Identifying players whose true talent is masked by bad luck or defensive positioning. The diff_rolling_OBA metric compares rolling wOBA against expected wOBA over configurable plate-appearance windows to surface hidden value.
| # | Player | Team | PA | wOBA | xwOBA | Diff (Rolling) | EV | HH% | Brl% | AVG |
|---|
Weighted On-Base Average assigns linear weights to all offensive events — walks, singles, doubles, triples, home runs — based on their empirical run value. Unlike batting average, wOBA captures the true offensive contribution of each plate appearance.
Expected wOBA uses Statcast data — exit velocity and launch angle — to predict what a player's wOBA should be based on quality of contact, removing the influence of luck, defensive alignment, and park effects.
diff_rolling_OBAThe core metric of this platform. Since xwOBA represents what a player's production should be based on contact quality, a large negative gap (wOBA − xwOBA < 0) means the player's actual results are significantly worse than expected.
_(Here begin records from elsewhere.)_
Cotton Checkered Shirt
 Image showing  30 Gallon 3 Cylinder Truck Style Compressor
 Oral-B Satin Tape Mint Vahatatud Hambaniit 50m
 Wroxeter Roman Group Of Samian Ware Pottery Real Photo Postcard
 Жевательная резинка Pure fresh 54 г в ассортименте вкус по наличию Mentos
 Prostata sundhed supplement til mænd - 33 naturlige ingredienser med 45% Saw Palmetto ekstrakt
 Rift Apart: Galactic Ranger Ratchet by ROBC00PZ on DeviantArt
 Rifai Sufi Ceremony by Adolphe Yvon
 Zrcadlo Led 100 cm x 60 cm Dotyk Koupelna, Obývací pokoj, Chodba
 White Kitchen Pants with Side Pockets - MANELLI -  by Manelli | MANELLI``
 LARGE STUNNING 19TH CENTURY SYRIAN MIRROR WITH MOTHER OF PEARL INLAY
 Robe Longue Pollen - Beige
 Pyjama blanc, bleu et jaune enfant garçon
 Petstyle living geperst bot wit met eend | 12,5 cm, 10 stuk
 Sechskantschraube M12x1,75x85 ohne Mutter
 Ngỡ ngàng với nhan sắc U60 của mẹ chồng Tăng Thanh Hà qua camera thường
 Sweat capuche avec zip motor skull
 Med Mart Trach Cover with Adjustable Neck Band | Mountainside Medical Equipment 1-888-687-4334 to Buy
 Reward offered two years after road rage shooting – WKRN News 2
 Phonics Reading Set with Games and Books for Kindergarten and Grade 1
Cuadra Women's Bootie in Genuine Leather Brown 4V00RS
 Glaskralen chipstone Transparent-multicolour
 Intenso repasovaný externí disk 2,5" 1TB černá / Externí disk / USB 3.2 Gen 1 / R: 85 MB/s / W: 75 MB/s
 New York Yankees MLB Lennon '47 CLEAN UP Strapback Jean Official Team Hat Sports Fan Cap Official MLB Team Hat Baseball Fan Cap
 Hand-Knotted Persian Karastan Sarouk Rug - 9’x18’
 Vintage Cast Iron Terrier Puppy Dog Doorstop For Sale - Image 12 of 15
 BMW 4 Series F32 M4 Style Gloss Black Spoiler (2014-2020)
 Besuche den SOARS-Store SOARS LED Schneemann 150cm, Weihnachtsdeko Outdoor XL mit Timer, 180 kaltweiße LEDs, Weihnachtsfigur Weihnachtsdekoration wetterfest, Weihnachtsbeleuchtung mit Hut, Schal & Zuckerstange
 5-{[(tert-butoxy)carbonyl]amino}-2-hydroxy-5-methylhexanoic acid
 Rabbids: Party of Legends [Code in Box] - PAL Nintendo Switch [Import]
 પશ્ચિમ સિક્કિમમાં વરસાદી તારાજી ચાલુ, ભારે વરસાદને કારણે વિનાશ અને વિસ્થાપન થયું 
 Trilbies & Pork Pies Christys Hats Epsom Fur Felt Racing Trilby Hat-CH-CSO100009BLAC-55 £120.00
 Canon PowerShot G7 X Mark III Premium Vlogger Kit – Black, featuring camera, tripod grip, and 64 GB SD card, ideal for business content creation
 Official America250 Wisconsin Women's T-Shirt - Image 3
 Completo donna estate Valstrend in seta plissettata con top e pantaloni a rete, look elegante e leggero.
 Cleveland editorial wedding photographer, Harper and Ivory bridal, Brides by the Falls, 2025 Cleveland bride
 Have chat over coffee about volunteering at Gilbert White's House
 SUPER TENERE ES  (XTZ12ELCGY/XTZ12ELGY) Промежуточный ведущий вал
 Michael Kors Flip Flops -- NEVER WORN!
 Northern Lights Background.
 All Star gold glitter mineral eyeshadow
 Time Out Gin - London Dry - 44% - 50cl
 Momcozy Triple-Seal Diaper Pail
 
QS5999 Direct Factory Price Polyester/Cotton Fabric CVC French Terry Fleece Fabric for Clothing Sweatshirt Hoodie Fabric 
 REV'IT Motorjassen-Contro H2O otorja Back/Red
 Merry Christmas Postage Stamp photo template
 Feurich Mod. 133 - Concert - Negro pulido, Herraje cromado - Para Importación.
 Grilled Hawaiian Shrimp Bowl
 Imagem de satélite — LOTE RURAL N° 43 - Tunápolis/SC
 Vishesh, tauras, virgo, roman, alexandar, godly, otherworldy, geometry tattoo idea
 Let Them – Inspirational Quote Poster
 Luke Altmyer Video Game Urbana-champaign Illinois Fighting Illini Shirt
Historically, these gaps tend to regress — the larger the negative diff, the higher the probability that the player's wOBA will rebound toward xwOBA. This platform identifies exactly those players: batters whose current results are most likely to improve, making them the most underestimated.
At the start of each new MLB season, no player has enough plate appearances for meaningful rolling windows. Instead of showing a blank page or stale data, this platform uses cross-season rolling windows that physically span the season boundary. For example, if a player has 20 PA in the new season and you select the 50 PA window, the calculation uses the last 30 PA from the previous season plus 20 PA from the new season.
As the new season progresses and players accumulate more PA, old-season data naturally rolls out of the window. Once all PAs in a window belong to the new season, the transition is seamless. When 10+ players reach 50 PA entirely within the new season, the system fully switches to single-season mode.